[Advaita-l] Animal sacrifice is black karma

Ramakrishnan Balasubramanian rama.balasubramanian at gmail.com
Thu Jan 27 12:30:57 CST 2005


Actually no scholar of serious repute has made an effort to identify
this commentary as Sankaras. In fact, the opposite is true.

1. Halbfass (Tradition and Reflection) attributes it to some other
Sankara from Kerala. He gives many reasons for this in his book.
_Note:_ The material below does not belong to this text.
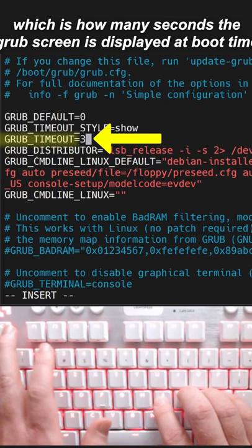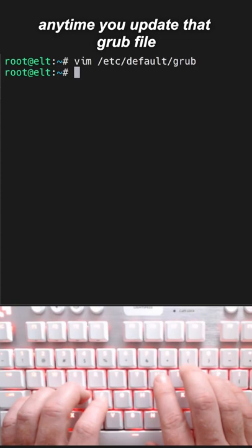Anytime you update that GRUB file, you have to run update-grub for your changes to take effect. Commands are listed in the comments.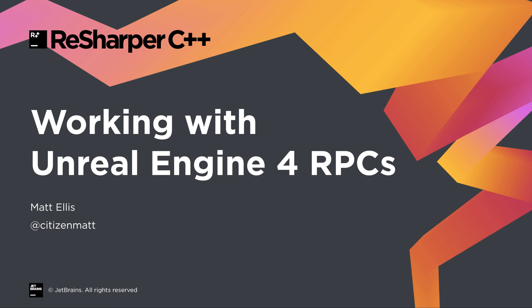Hello there. I want to show you how ReSharper C++ can help with your Unreal Engine project. In this video we're going to see how ReSharper handles remote procedure calls, with inspections, code generation, navigation and refactorings.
2. T.S.Rukmani has published many papers (including JIP) arguing
against this identification.

3. No scholar from the tradition accepts it as a genuine work. It's
not to be found in the collection published by Vani Vilas Press
(compiled after scrutiny of many manuscripts of works supposedly by
Sankara from all over India, by H.H Nrsimha Bharati Mahaswamigal of
Sringeri).

Only Trevor Leggett passionately defends this identity. But, Halbfass
for one finds many defects in his methodology.

Rama

On Thu, 27 Jan 2005 17:49:18 +0000 (GMT), Raghavendra N Kalyan
<kalyan7429 at yahoo.co.uk> wrote:
> 
> Namaste,
> 
> While we are at it, Sankara considers animal sacrifice as black karma. This view is based on his commentary on the yoga sUtras of patanjali. This commentary (vivaraNa) appears to be a genuine work of Sankara as no scholar worth his reputation found any reason to question its authenticity. While commenting on the yogasUtra 4.7 (or 4.8, I dont remember), Sankara says that since animal sacrifice involves causing pain, it must have its own negative consequences apart from positive consequences like heaven which are mentioned in the vedas. An analogy for this dual causality is eating which gives pleasure and also provides for subsistence. The animal sacrifice is classified as a black karma by Sankara. He specifically mentions the jyotistoma and agnistomiya sacrifices here.
> 
> It doesn't appear that there would be a reason for an serious advaitin (or more generally, a vedantin) to do animal sacrifice. That would probably be on the list of a purva mimamsaka.